LB&I is evaluating several critical aspects of the recently adopted LB&I Examination Process and is seeking input from TEI members to help improve the process. We’ve listed three areas of inquiry below. Please email your thoughts—no matter how informal or undeveloped—to Patrick Evans, TEI’s Chief Tax Counsel, at email@example.com. We will compile the input, revise it to ensure consistency, and remove any identifying information. LB&I has requested our input by July 1, but we would appreciate hearing from you even if you cannot respond by that date.
This is your opportunity to transform your thoughts into action, and we encourage you to take advantage of it. We look forward to hearing from you soon!
- Metrics - How can LB&I best measure the effectiveness of the new examination process? Metrics could include quantitative measures such as number of exams concluded in the period prescribed in the audit plan, IDR response time, number of unagreed issues, etc. More qualitative metrics could also be employed such as post-exam surveys of taxpayers and exam teams.
- Acknowledgement of Facts (AOF) – How can this process be more effective? The LB&I Examination Process introduces a new process where the IRS prepares a description of facts associated with a tax issue and presents them to the taxpayer for “acknowledgement.” The goals of the process are to ensure there is a mutual understanding of the relevant facts between the exam team and the taxpayer and, if an unagreed issue goes to Appeals, to ensure the issue can be fully evaluated without having to return it to exam for further factual development. LB&I is seeking comments and ideas that would provide the desired factual understanding without raising taxpayer concerns experienced with the existing AOF process, e.g., facts are intrinsically related to legal theories which are often unagreed; potential impact of the AOF on litigation outcomes. Two specific questions in which LB&I is interested are: Would it be helpful if the IRS adopted a policy that the AOF will not be introduced in any court proceeding? Can the form of the AOF be modified to mitigate taxpayer concerns?

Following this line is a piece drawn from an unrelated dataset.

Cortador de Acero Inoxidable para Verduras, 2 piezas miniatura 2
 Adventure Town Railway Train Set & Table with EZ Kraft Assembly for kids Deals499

- IRS Team Coordination and Communication – How can LB&I improve timeliness and transparency for the taxpayer when several IRS personnel are involved? In the new LB&I Examination Process, a taxpayer may have multiple issue teams staffed with examining agents, as well as a variety of specialists ( international agents, computer audit specialists, economists, experts in financial transactions, etc.). IRS Counsel may also be involved and sometimes outside experts are retained by the IRS. These individuals often report to different managers. The new “Campaign” process also means that a taxpayer may be subject to one or more IRS teams assigned to particular Campaign issues, in addition to its regular exam team. Taxpayers have expressed concern that they may not know who is working on their case and they may not know who is the “decision maker” on a particular issue. Taxpayers are also concerned that the various players will not be coordinated and this could lead to difficulties and delays in closing a case.
LB&I has requested feedback on whether taxpayers are actually experiencing these issues, as well as suggestions on how to improve coordination and communication. Although the Campaign process is new, LB&I is particularly interested in taxpayer experience coordinating Campaign teams and conventional exam teams.